Does anyone see than issue with my training code? I think that I may have had an issue with inference code.

model = ConvAutoencoder().to(device)
model.load_state_dict(torch.load("./model/model-epoch-10.pth"))
model.eval()


image = Image.open("./low_res/depth-map-low-0.png")
image = np.array(image)
#image_transformed = Image.open(current.iloc[1])
def scale(X, x_min, x_max):
    nom = (X-X.min(axis=0))*(x_max-x_min)
    denom = X.max(axis=0) - X.min(axis=0)
    denom[denom==0] = 1
    return x_min + nom/denom 
x = scale(image,0,1)



x = torch.from_numpy(x)

print(x.max())
xi = x[None ,None, :, :]

xi = xi.float().to(device)

output = model(xi)
output = output.float()*255

output = output.detach().cpu().numpy() # detach since the variable has gradients
print(output.shape)
output=np.squeeze(output, axis=None)
print(output.shape)


#output = NormalizeData(output)
print(output)
from matplotlib import pyplot as plt
plt.imshow(output, interpolation='nearest')
plt.show()

In my code, first, I load the Convolutional Autoencoder from a model file, then set the model as eval.

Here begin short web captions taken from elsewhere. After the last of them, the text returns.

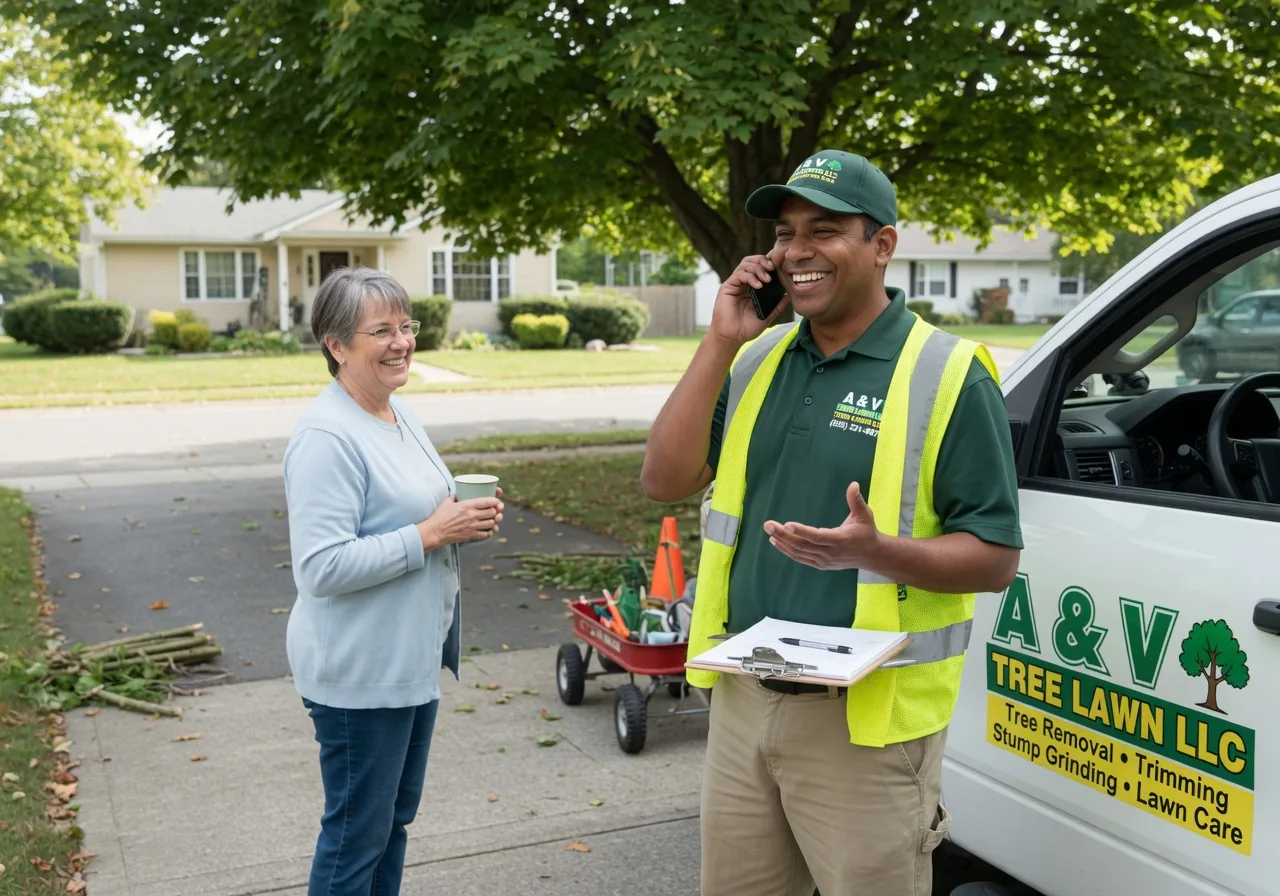 Tree Service Knapp, WI FAQs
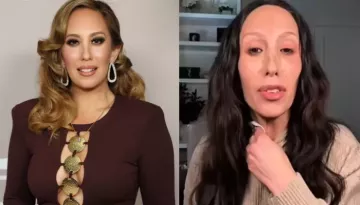 'DWTS' Judge, Cheryl Burke's Before And After Pic Surfaces, Has Denied Using Ozempic And Surgery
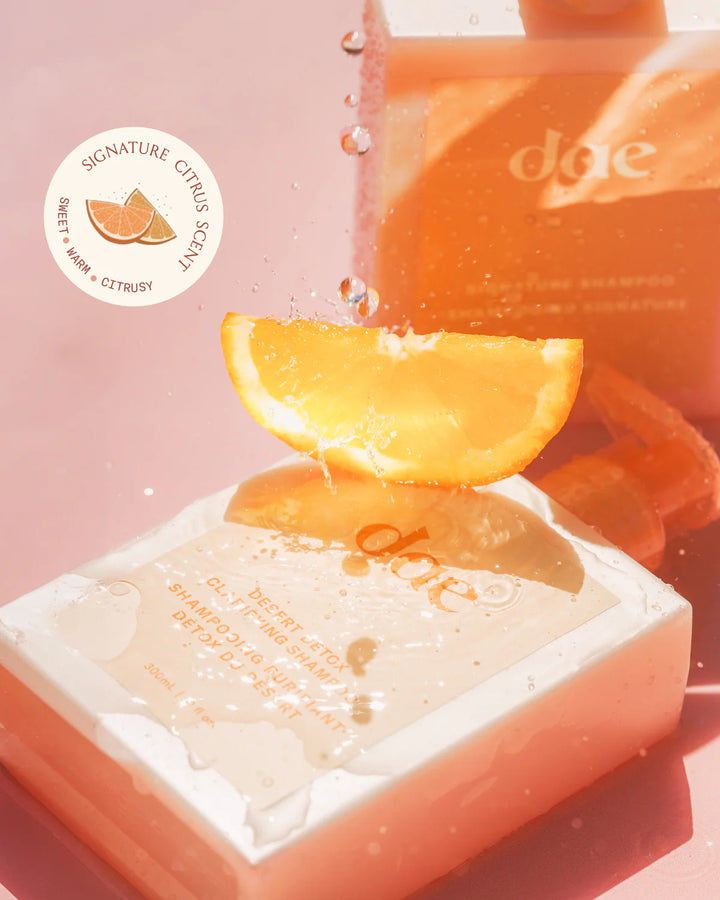 Desert Detox Clarifying Shampoo - GLAM MODA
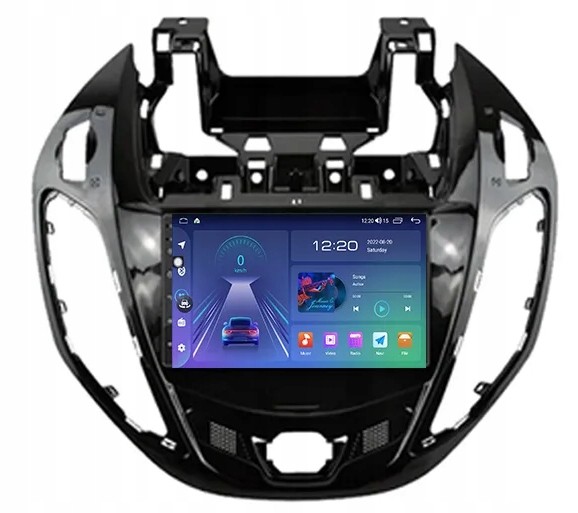 Rádio navigace Ford B-max Bmax Android 2012-17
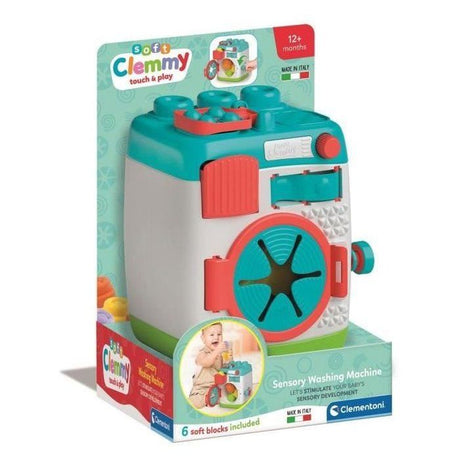 CLEMENTONI - Machine a laver Clemmy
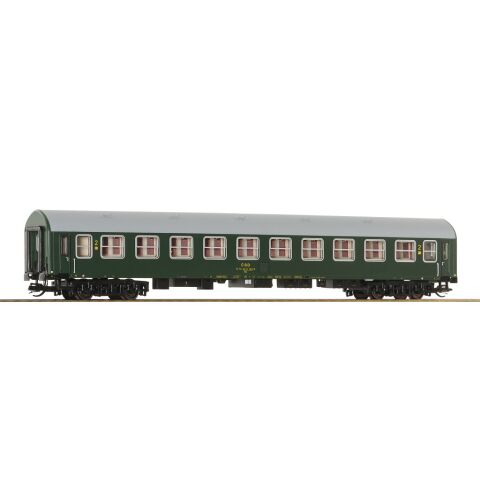 Roco Passenger Car 1st Class Y/B-70 Aa ČSD - 6280039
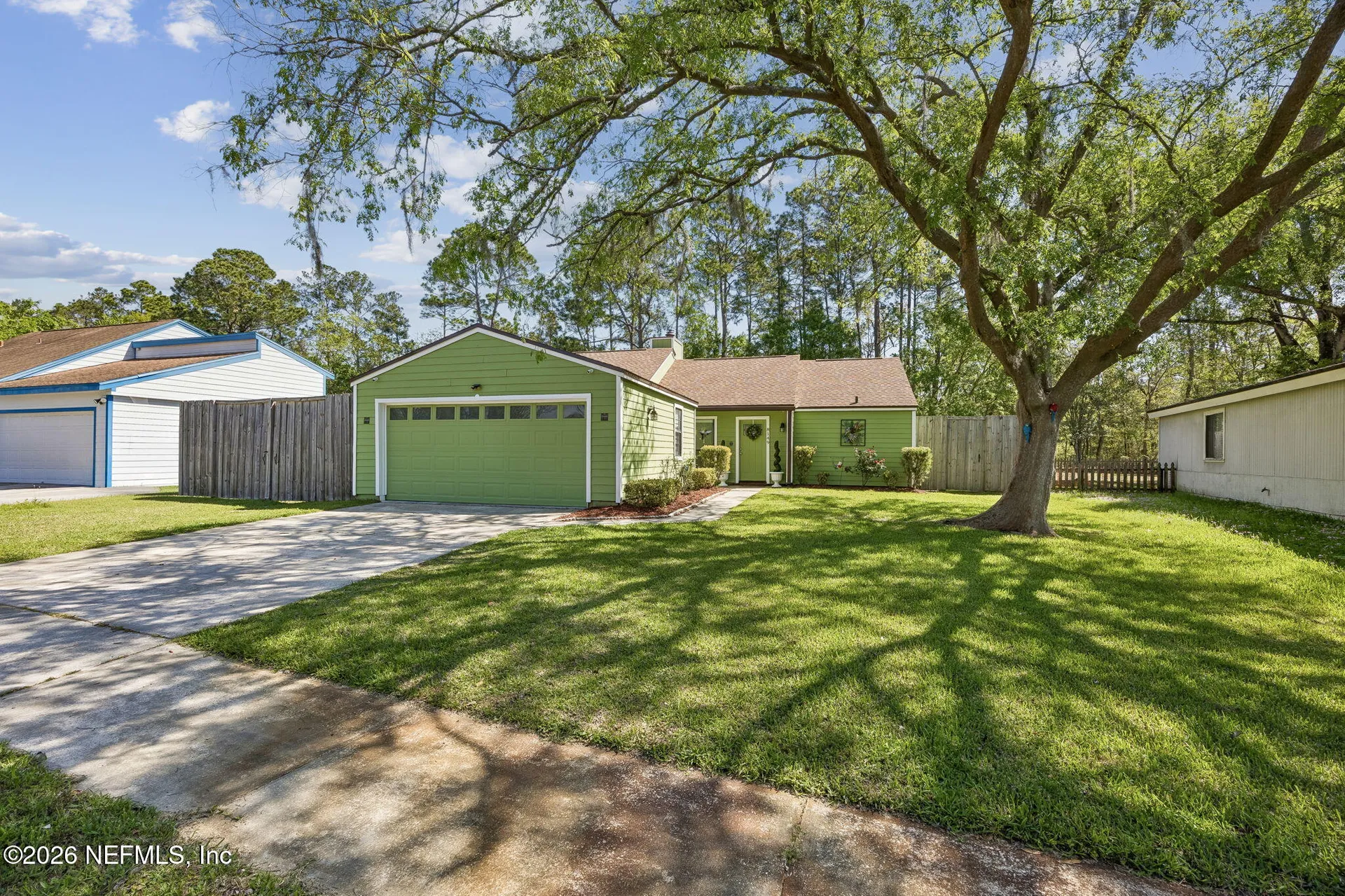 8149 Coralberry Lane Jacksonville FL 32244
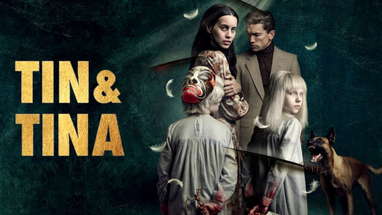Tin & Tina | Official Trailer | Horror Brains poster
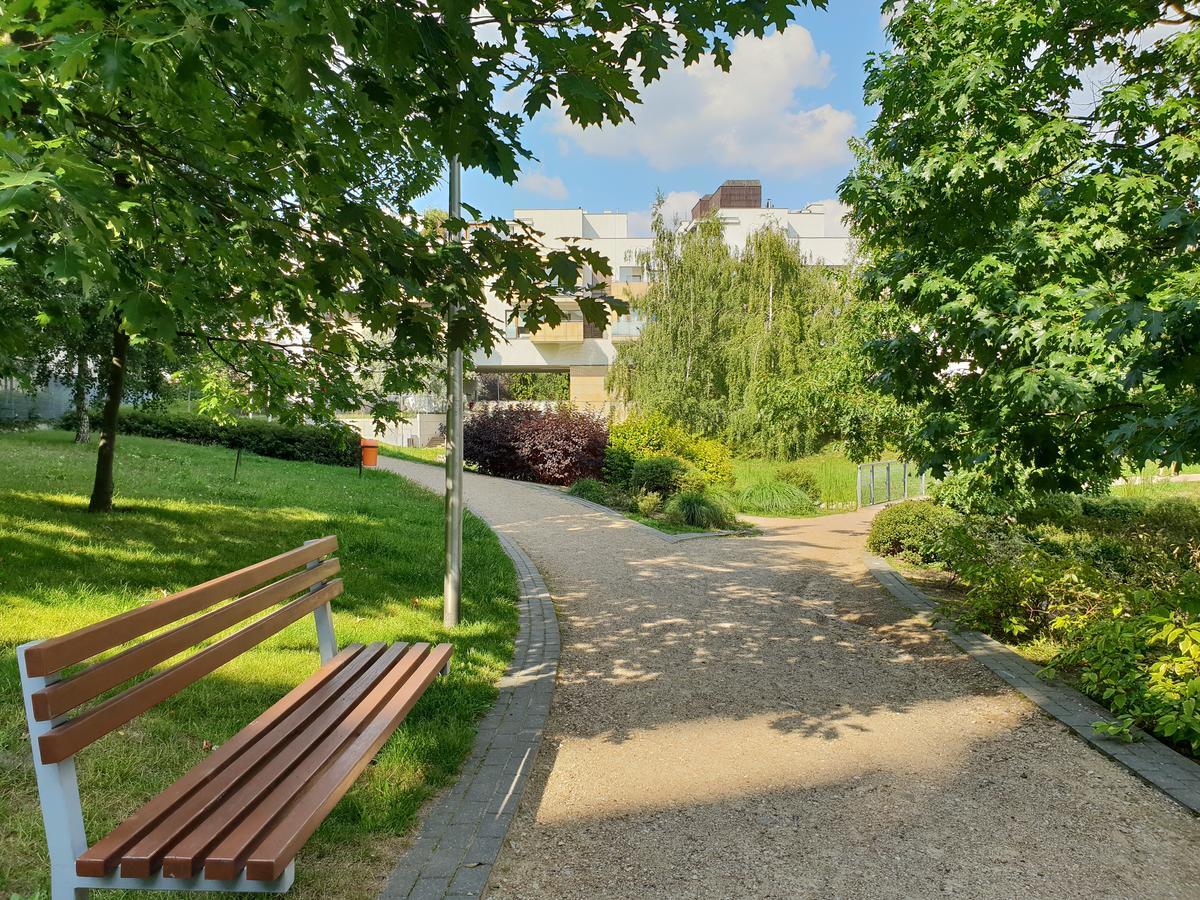 Apartament Marina Mokotow Butas Warsaw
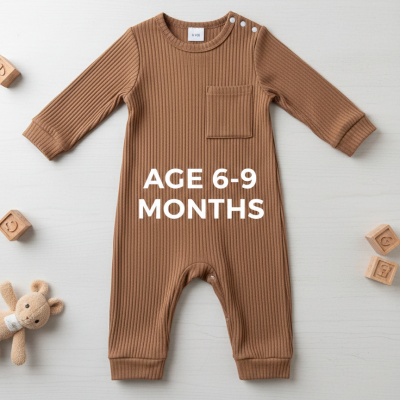 Romper 6-9 Months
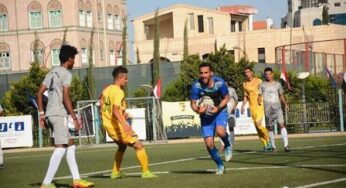 مايو يكتسح منتخب عمران بخماسية في الملتقى الشتوي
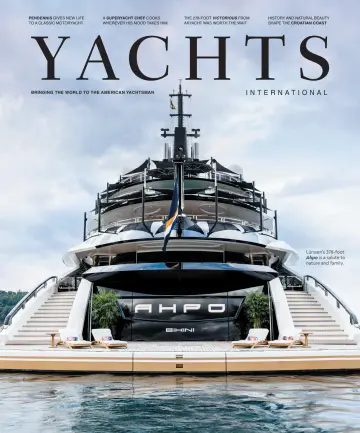 Yachts International - 1 Tach 2022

Since the grayscale image is from 0 to 255, I first scale from 0 to 1 with min-max scaling, since during training, the toTensor Transform scales automatically to 0 to 1. I think convert from numpy to torch, reshape to a 4d, and pass through the network. I multiply the output by 255 to scale from 0 to 255, then squeeze to get rid of the batch size and grayscale dimension. I then move the tensor to cpu, convert to a numpy array, where it is shown as an image.
However, despite this, my network still only outputs images of a single shade when inferencing. Is there an error in the code somewhere where I missed? If needed, you can reproduce my results by downloading the source code from drive below. Thank you for your time.
Here is a link to my entire project: https://drive.google.com/drive/folders/1mwep_CMZfZI65BJXWqgjjSRU9FBGsSUg?usp=sharing

zshn25 · August 14, 2020, 8:02pm

Which version of Pytorch are you using? I experienced the same after updating to Pytorch 1.6.

Stanley_C · August 14, 2020, 8:14pm

No, I am on version 1.5.1. However, do you spot any errors in my code?

zshn25 · August 14, 2020, 8:16pm

You are normalizing the input data during inference but not normalizing it before training. Maybe try inference without normalizing to fast check works?

Stanley_C · August 14, 2020, 8:42pm

Just tried it. It did not have an effect.

Thibaut · February 18, 2022, 5:13pm

I had exactly the same issue when training one autoencoder on 1 epoch after switching from RGB to Greyscale. It randomly created grey images on some training. On several epochs, no issue.